# Mattel bike shocks? stallion bronco etc..



## markus

Hey guys, I Bought a Mattel stallion the other day, looked cool 

I redo vintage minibikes/minicycles and this sort of has that "look" so I thought it would be a nice addition to the fleet.

Anyway, I never saw one before, so I really didn't know what I was looking at. I thought it was correct but I now see that the shocks that are on it are definitely not right. Not sure what they are off of, maybe some moped or something like that. This explains the very stiff ride, while the seat looks comfy on this bike, it is definitely not! and these shocks don't help a bit!  

Don't see much about these bikes anywhere, am I going to be "up the creek" searching out a set of shocks?  Any leads on some shocks would be appreciated, or even ideas for other shocks that might not look to terribly out of place












markus


----------



## masonandrew

those look like the original or pretty close to it. I have 3 of the BRONCO bikes but the shocks on them are painted red on the top part and chrome on the bottom. I also have a pair of NOS shocks that have never been on a bike but are VERY PRICEY.  NOS parts (or ANY for that matter) are hard to find on these bikes.
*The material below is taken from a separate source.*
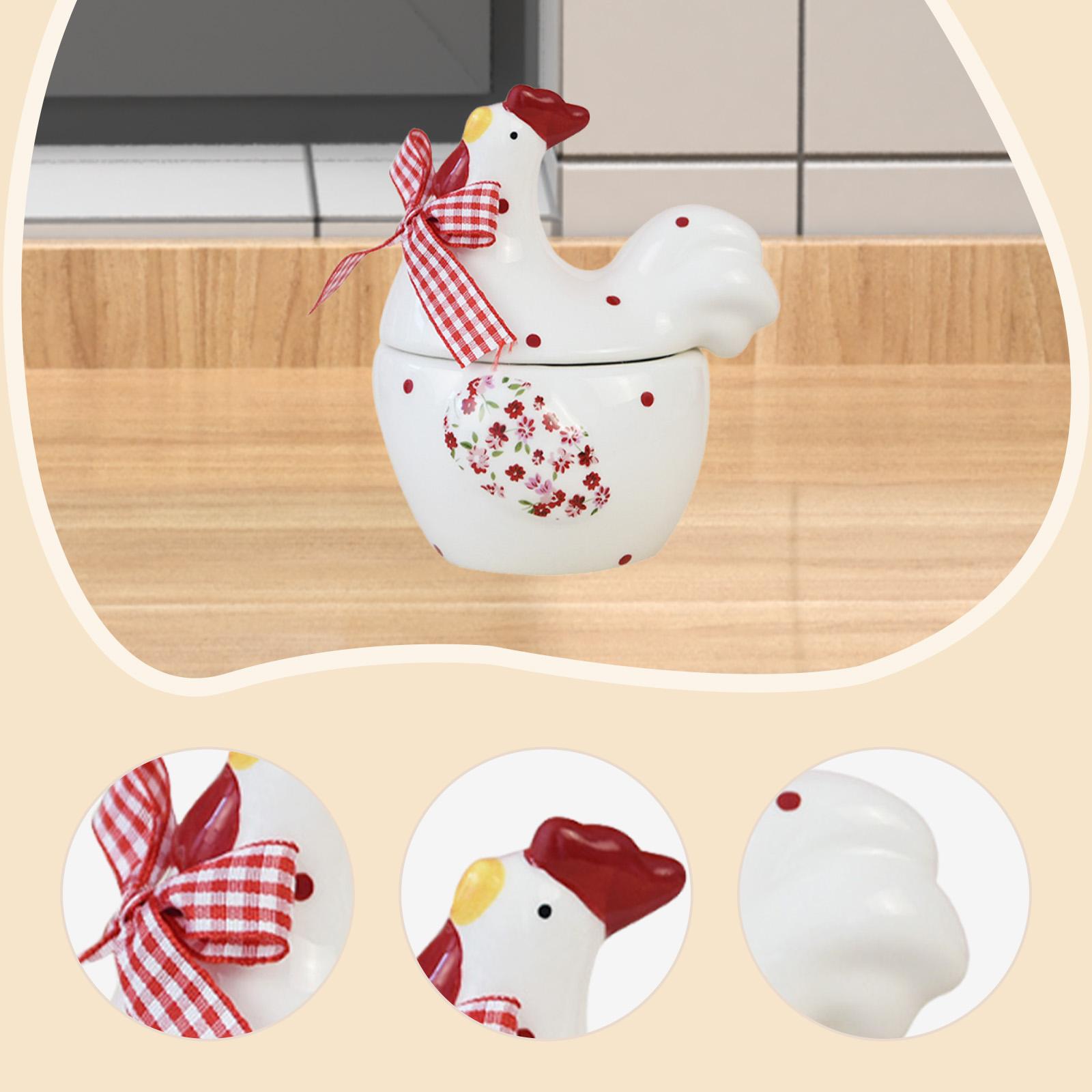 Sugar Bowl Condiment Pot Canis - Kitchen Baking Canisters 评论和价格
I have one that I am considering parting out and if/when I do I'll let you know, ok?


----------



## markus

masonandrew said:


> those look like the original or pretty close to it. I have 3 of the BRONCO bikes but the shocks on them are painted red on the top part and chrome on the bottom. I also have a pair of NOS shocks that have never been on a bike but are VERY PRICEY.  NOS parts (or ANY for that matter) are hard to find on these bikes. I have one that I am considering parting out and if/when I do I'll let you know, ok?





sounds good to me! let me know if you are going to part the bike.  They don't have to be pretty, the chrome on this bike is definitely not perfect, but the bike (other than the shocks) appears to be correct and have all other parts and still somewhat visible embossed decals etc... 

Thanks a lot!


----------



## musclemaniac

Try here... Museum of Vintage V-RROOM!

http://www.vintagevrroom.com


----------